The domain-specific SLM 116 may generate the final response 408. In one example, the response 408 may include a sequence of generated tokens 510.

In an example, the process flow may start with LLM 112 processing original instructions 402. The disclosed techniques may further involve LLM 112 generating hidden representations 504 for instruction tokens 502. ML system 102 may concatenate and/or add the fixed-length prefix embeddings 506 with hidden representations 504. ML system 102 may pass concatenated/added embeddings 506 through translation module 114 to generate soft prompts 508.

In this way, translation module 114 translates embeddings that capture an understanding of natural language instructions into embeddings that the domain specific model can use to generate a response that is pertinent to the domain. Translation module 114 obtains output tokens 502 from the LLM 112 that represent the instruction along with learned prefix embeddings 506 as input. It then outputs new embeddings (corresponding to the prefixes), which are fed as part of the input to SLM 116.

To that end, ML system 102 may prepend the soft prompts 508 to the original instructions 502. The combined input (original instruction tokens 502 with new embeddings-soft prompts 508) may be fed by the ML system 102 to the domain-specific SLM 116 to generate a response, e.g., to generate code. In an example, the general domain LLM 112 may provide valuable insights into the instructions 402, enhancing the understanding of SLM 116.

As shown in FIG. 5, the soft prompts 508 generated by the translation module 114 may act as additional context, guiding SLM 116 towards more relevant response generation, e.g., code generation. The domain-specific SLM model 116 may be more computationally efficient for the domain, e.g., code generation, as compared to LLM 112.

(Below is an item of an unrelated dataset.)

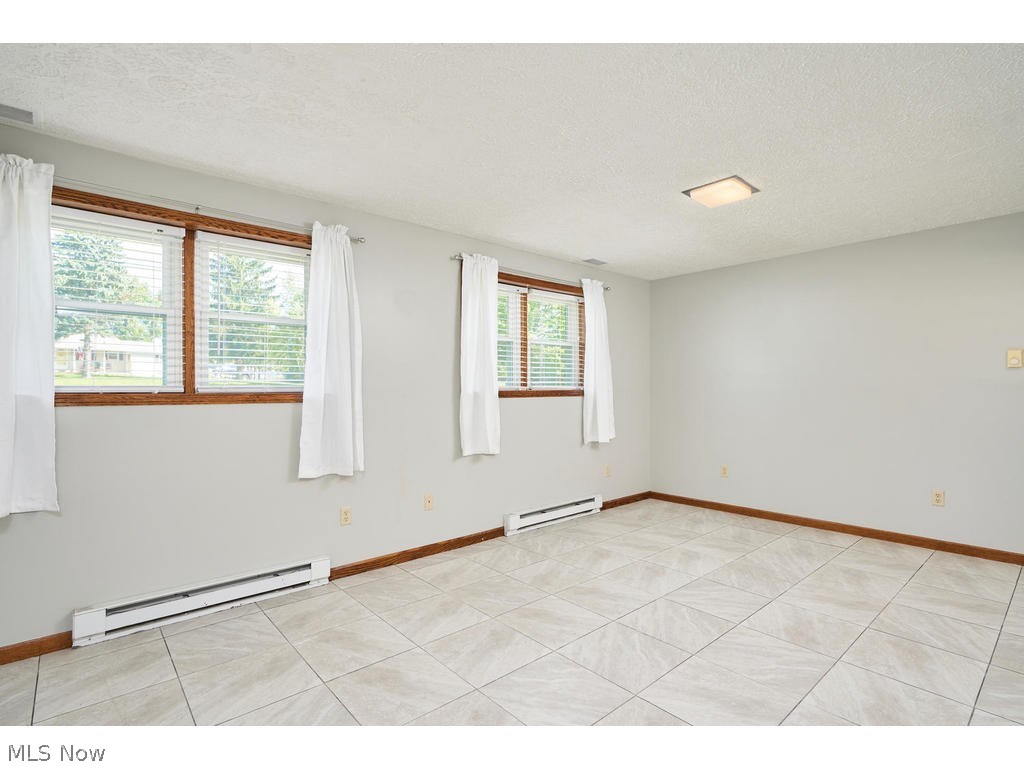 Hanover Heights - Residential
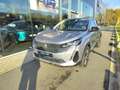 Peugeot 3008 3008 BlueHDi 130 Stop Gris - thumbnail 1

In one example, during training of the translation module 114, both LLM 112 and the domain specific SLM 116 may be frozen 512. In another example, only LLM 112 may be frozen, while the translation module 114 and SLM 116 are trained. By freezing the larger model (LLM 112), ML system 102 may ensure that the translation module 114 learns to map between the hidden representations 504 of LLM 112 and the desired soft prompts 508 without altering the internal parameters of LLM 112. This freeze 512 may allow the translation module 114 to focus solely on the task of generating appropriate soft prompts 508.

In addition, freezing 512 the LLM 112 may prevent the knowledge of LLM 112 from being overwritten or diluted during the training of the translation module 114. This freeze 512 may ensure that the understanding 404 of the instructions 402 by LLM 112 may be preserved.

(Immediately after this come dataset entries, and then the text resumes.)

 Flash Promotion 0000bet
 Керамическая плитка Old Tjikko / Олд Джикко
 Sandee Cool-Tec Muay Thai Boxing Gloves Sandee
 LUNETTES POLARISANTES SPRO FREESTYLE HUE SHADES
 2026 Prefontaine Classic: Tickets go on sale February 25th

To effectively train the translation module 114, the ML system 102 may need a suitable dataset that captures the relationship between the hidden representations 504 from LLM 112 and the desired soft prompts 508.

Ideally, ML system 102 may need a dataset containing pairs of the natural language instructions and the corresponding responses. In one implementation, these pairs should represent various instructions 402 and their intended meanings.

The training dataset should include a diverse range of instructions, covering different complexities, domains, and styles. Such diversity may ensure that the translation module 114 can generalize well to unseen instructions 402. The quality of the soft prompts 508 in the training data set may be important as well. The soft prompts 508 should accurately reflect the desired meaning and intent of the instructions 402, guiding SLM 116 towards relevant responses, e.g., code generation. In one example, the training dataset may be created by manually annotating hidden representations 504 from LLM 112 with corresponding soft prompts 508. Manually annotated training data 112 may comprise high-quality data but can be time-consuming. In one non-limiting example, techniques like generative models or rule-based systems may automatically generate pairs of the natural language instructions and the corresponding responses. While the aforementioned techniques may be faster, the quality may not be as good as manually annotated training data 112.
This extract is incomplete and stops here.